Considérant cet état de fait, l’actuel Président français, Monsieur Emmanuel Macron, vient d’annoncer lors de son premier conseil des ministres de la présente rentrée que, en particulier, l’ère de l’abondance à laquelle la France-UE1 a été habituée jusqu’à présent est révolue. L’abondance est effectivement révolue pour toute l’Europe avec un ressenti qui peut se décliner différemment d’un pays à l’autre dû à leurs différents degrés de dépendance de l’énergie et autres matières premières importées.

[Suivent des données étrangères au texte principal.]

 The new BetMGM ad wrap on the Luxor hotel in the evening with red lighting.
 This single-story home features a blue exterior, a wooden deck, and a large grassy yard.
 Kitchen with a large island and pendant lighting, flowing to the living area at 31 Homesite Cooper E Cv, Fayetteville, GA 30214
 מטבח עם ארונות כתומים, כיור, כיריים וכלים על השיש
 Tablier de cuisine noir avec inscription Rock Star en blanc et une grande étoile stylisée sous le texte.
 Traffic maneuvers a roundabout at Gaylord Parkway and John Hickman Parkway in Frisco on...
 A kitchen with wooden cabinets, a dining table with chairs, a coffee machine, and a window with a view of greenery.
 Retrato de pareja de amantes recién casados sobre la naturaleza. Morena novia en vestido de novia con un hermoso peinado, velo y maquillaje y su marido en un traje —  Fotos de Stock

1 : Nous utilisons ce terme à dessein car les officiels français qui viennent au Maroc rappellent régulièrement (les deux drapeaux à côté) qu’ils parlent au nom de la France et de l’UE.
Ceci étant dit, il est difficile de croire que cette profusion de catastrophes sans précédent, qui percute aujourd’hui sévèrement les pays de l’UE, soit le résultat du hasard ou bien de la guerre Russie/Ukraine stricto sensu. Mais, faute de mettre la main sur les raisons confirmées de cette débandade économique et commerciale européenne, prélude probable à une bascule de l’UE vers l’inconnu, nous pouvons toujours conjecturer pour essayer d’y voir un peu plus clair.

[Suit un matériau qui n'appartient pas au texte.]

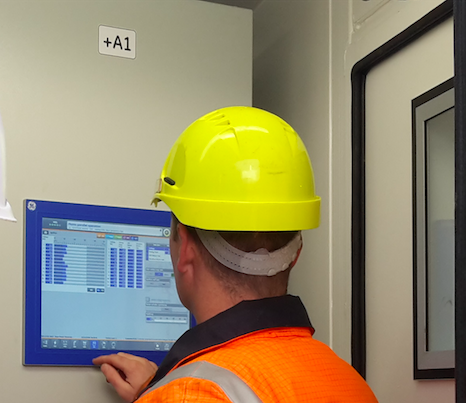 Man looking at controls.png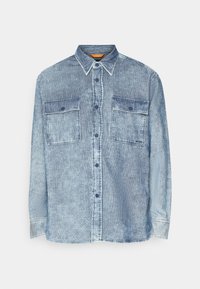 Chemise en velours côtelé bleu à manches longues avec fermeture boutonnée et deux poches poitrine, présentée sur fond blanc.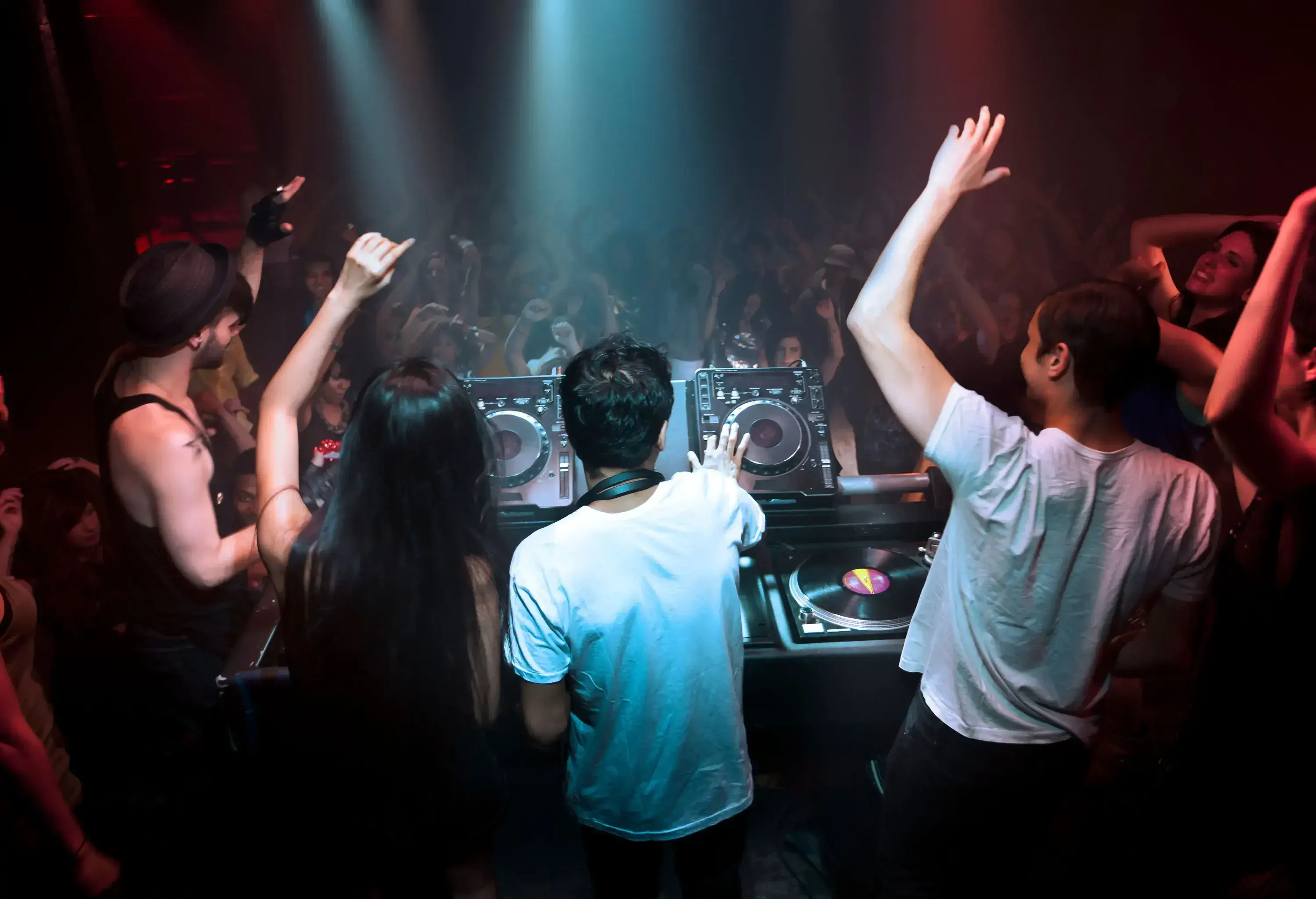 A DJ plays music using a controller inside a crowded nightclub.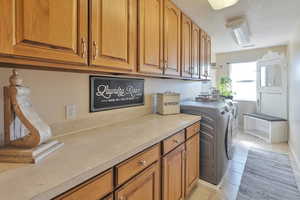 Clothes washing area featuring a textured ceiling, cabinets, light tile patterned floors, and washing machine and clothes dryer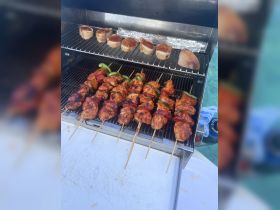 Delicious skewers of grilled chicken and bread are prepared on the barbecue, perfect for a day of fun on the water.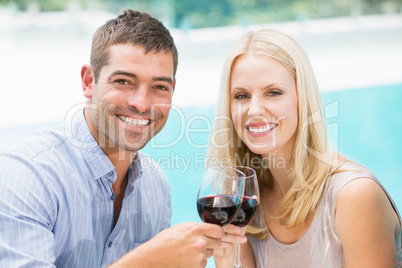 Portrait of smiling couple toasting red wine while sitting by sw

Tout d’abord, pour jouir de l’abondance et du sentiment d’insouciance dont la France-UE a profité jusqu’à aujourd’hui, aux dépens de nos populations africaines, nos voisins du nord ont eu recours au départ à la politique de la canonnière, enrichie ensuite d’une stratégie plusieurs fois centenaire savamment organisée d’appropriation, pour leur bénéfice exclusif, des circuits commerciaux et économiques des pays de notre Continent. Cela leur a permis de maintenir un niveau de vie qui est largement au-dessus de leur potentiel industriel et technologique actuel. En effet, ces pays manquent pour la plupart de ressources énergétiques propres à eux et la majorité des articles de grande consommation qu’ils produisent peuvent être achetés ailleurs dans le monde à de meilleurs rapports Qualité/Prix.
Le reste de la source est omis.